Relações com a Igreja da Lagoinha
Vorcaro e seu cunhado, o pastor Fabiano Zettel, preso em 4 de março, mantêm vínculos estreitos com a Igreja Batista da Lagoinha, uma das maiores instituições evangélicas do país. Zettel chegou a atuar como pastor em uma filial da igreja, e a família Vorcaro tem histórico de proximidade com líderes religiosos, incluindo o pastor André Valadão. A unidade da Lagoinha no bairro Belvedere, em Belo Horizonte, fechou as portas após a prisão de Zettel.
Possível delação
Segundo o advogado José Luís Oliveira Lima, conhecido como Juca, Vorcaro não pretende “poupar ninguém” em eventual delação premiada. A colaboração pode trazer novos elementos sobre as conexões entre o Banco Master, setores políticos da direita e extrema direita, além de lideranças evangélicas ligadas ou não à Lagooinha. Investigadores afirmam que ainda há grande volume de material a ser periciado, incluindo mais de 100 celulares apreendidos, oito deles pertencentes a Vorcaro.
Repercussão política
A possibilidade de delação preocupa parlamentares ligados à base evangélica e partidos de direita, que podem ser citados em esquemas de financiamento e influência. A proximidade entre capital financeiro e instituições religiosas, sendo revelada pelas investigações, colocará em exposição uma rede de poder que transcende o setor bancário.
Declarações oficiais
O ministro André Mendonça, do STF, prorrogou o inquérito por mais 60 dias para permitir novas diligências. A Polícia Federal afirma que a delação pode acelerar a responsabilização dos envolvidos e ampliar o alcance das investigações.

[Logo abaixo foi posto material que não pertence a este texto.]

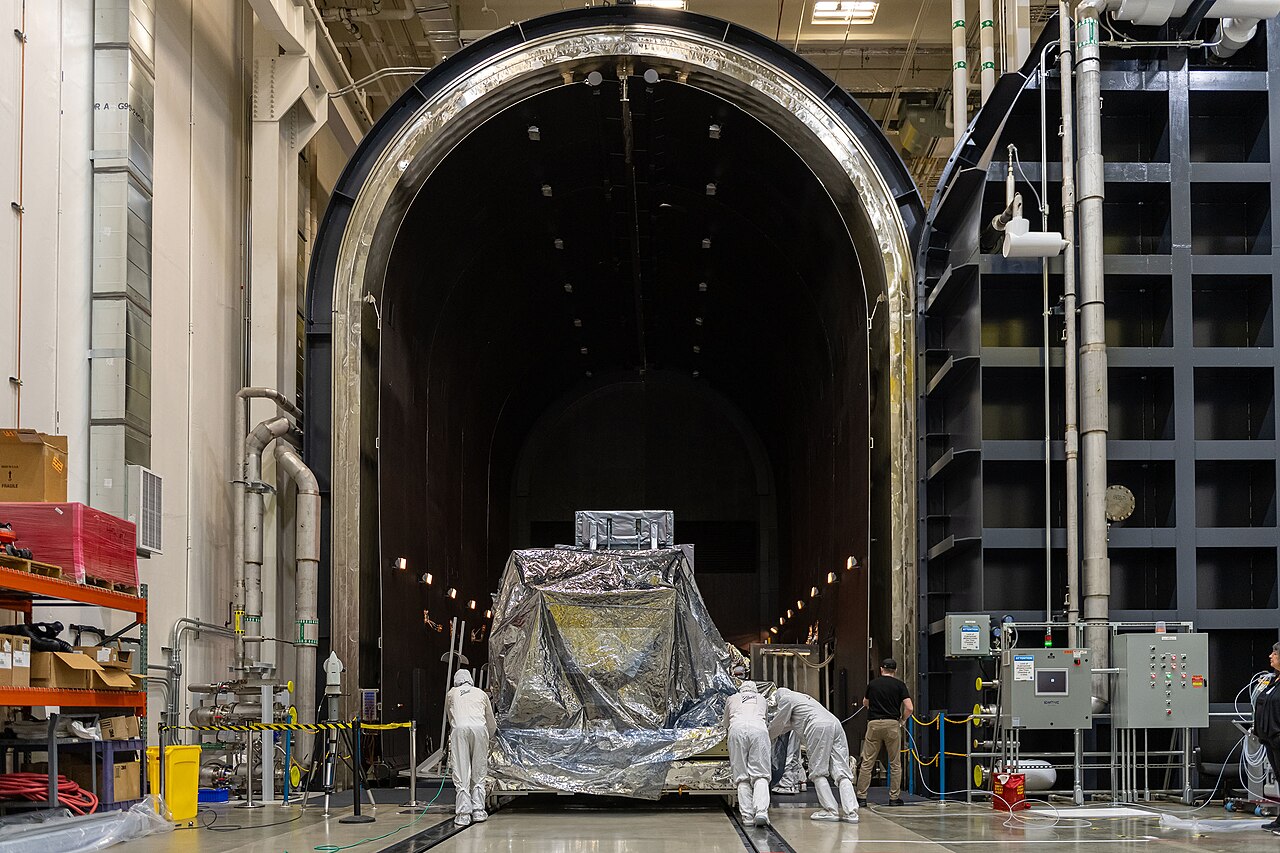 Workers, most in white protective suits, push the foil-wrapped Roman Wide Field Instrument towards a large testing chamber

A eventual delação de Vorcaro pode redefinir o cenário político em Minas Gerais e no Brasil. Ao atingir setores da direita e da extrema direita, além de lideranças evangélicas, o caso expõe a interseção entre fé, poder econômico e influência política. O impacto social é profundo: aposentados e pensionistas do INSS também foram vítimas de fraudes no Banco Master, fundos de pensão de servidores públicos foram lesados assim como investidores privados enquanto o impacto político pode desestabilizar alianças e revelar conexões até então ocultas entre instituições financeiras e religiosas.